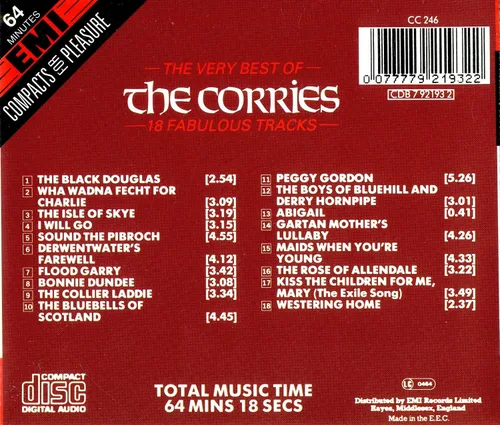 Vista 2 de The Very Best of The Corries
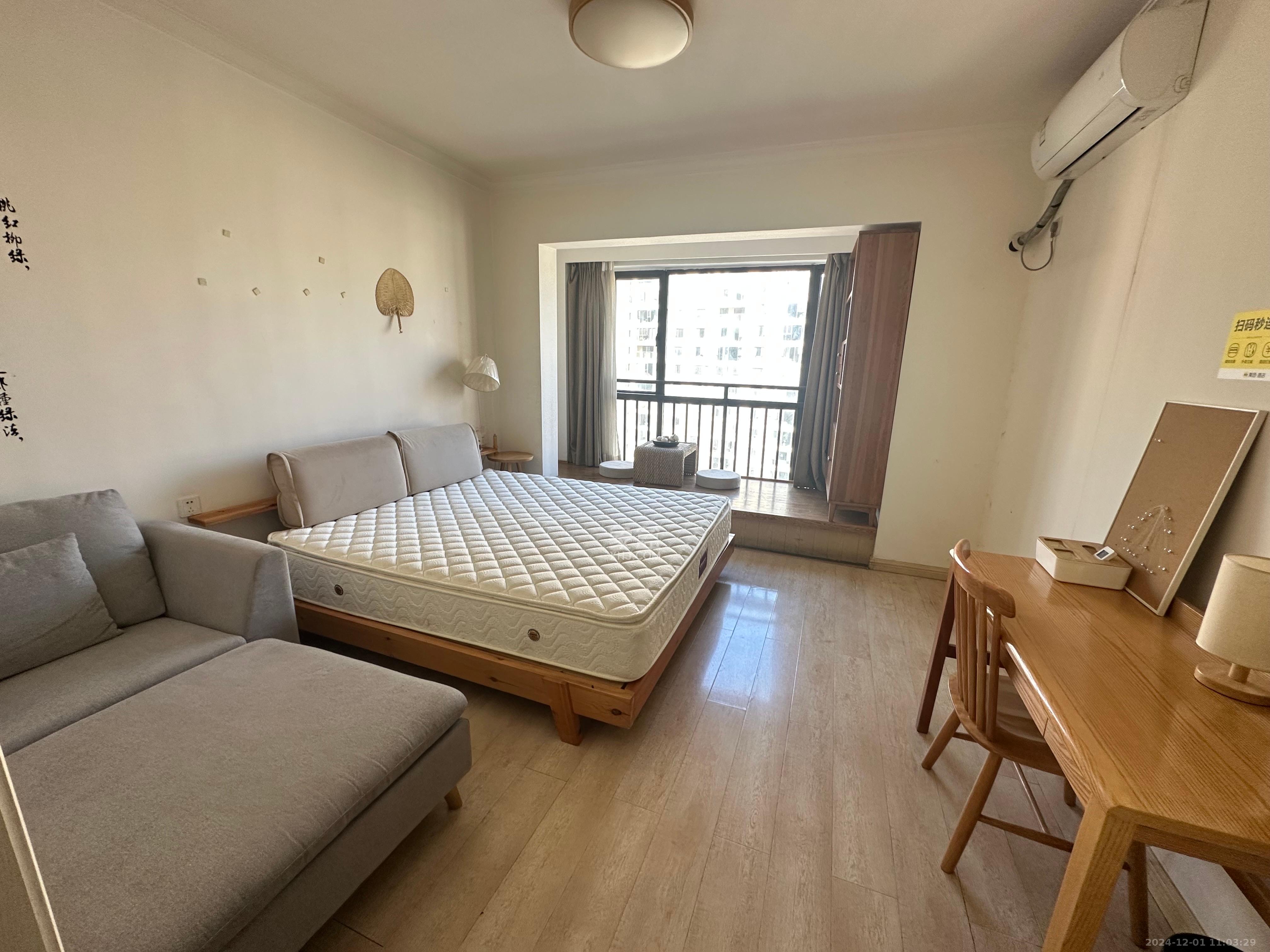 五江天街北区 1室1厅1卫 1500.0元/月 五江天街北区 1室1厅1卫 1500.0元/月室内图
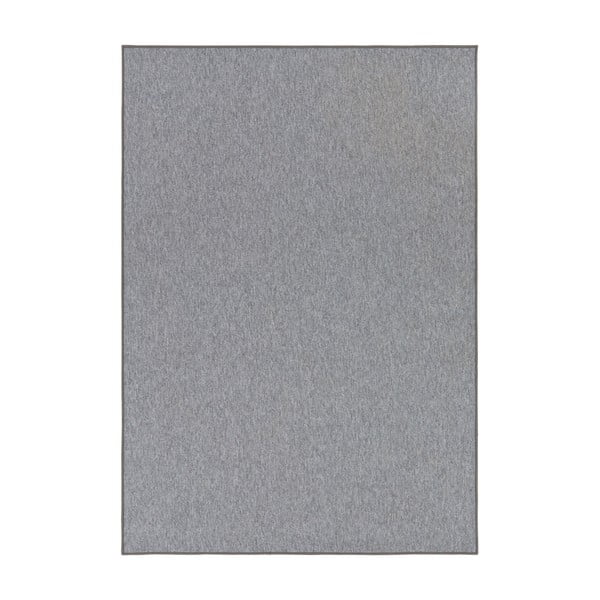 Szary dywan BT Carpet Casual, 140x200 cm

----

### YOUR TASK
One exact copy of the data, no pictures: write it out line for line.

### ANSWER TO THE PROBLEM
 Vista 2 de The Very Best of The Corries
 五江天街北区 1室1厅1卫 1500.0元/月 五江天街北区 1室1厅1卫 1500.0元/月室内图
 Szary dywan BT Carpet Casual, 140x200 cm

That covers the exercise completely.